[INPUT DATA Boundary: Start]

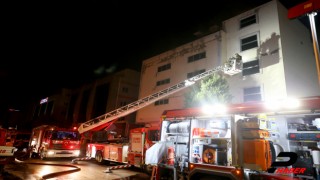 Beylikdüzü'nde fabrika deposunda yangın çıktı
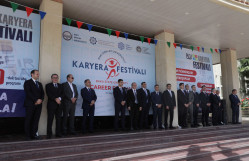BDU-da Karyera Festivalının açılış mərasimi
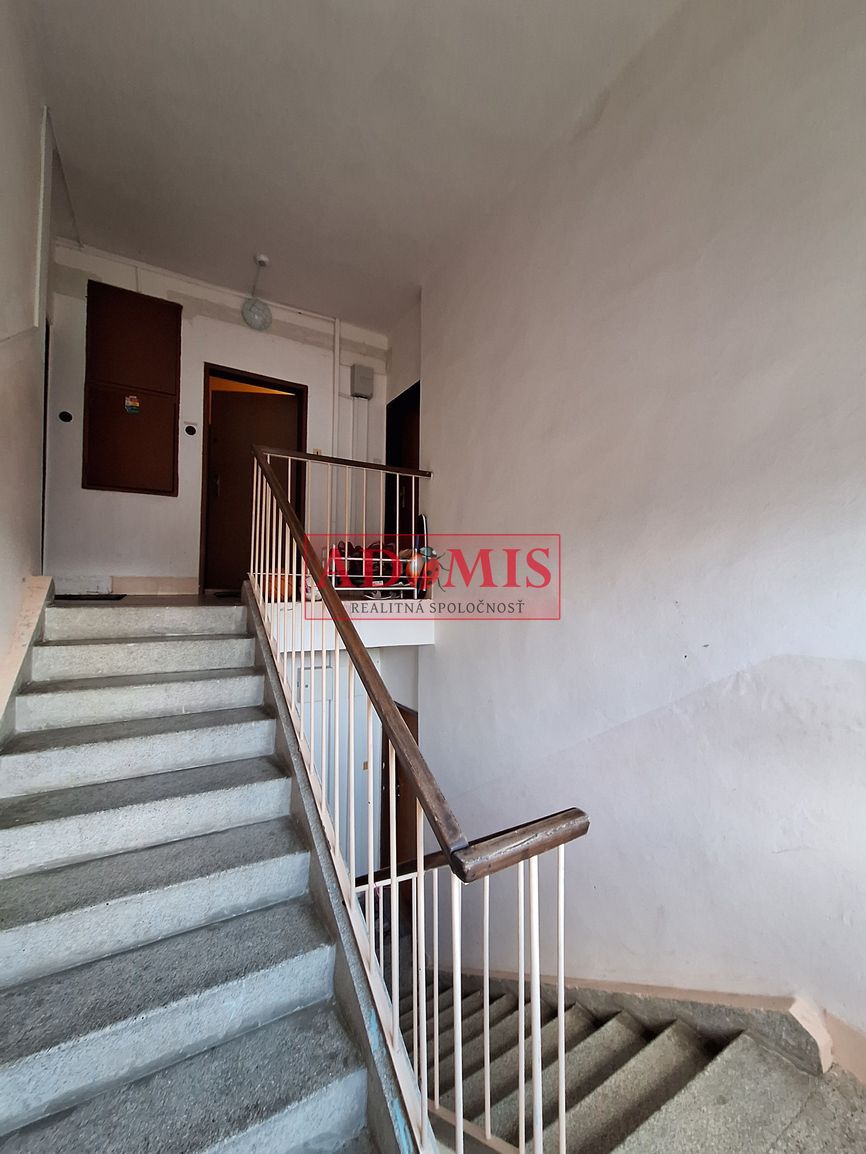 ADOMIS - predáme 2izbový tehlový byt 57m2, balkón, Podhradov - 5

[INPUT DATA Boundary: End]

▶ _WORK TO COMPLETE_: Copy out all the data exactly; skip the pictures.

▶ _THE COMPLETED TASK_:
 Beylikdüzü'nde fabrika deposunda yangın çıktı
BDU-da Karyera Festivalının açılış mərasimi
 ADOMIS - predáme 2izbový tehlový byt 57m2, balkón, Podhradov - 5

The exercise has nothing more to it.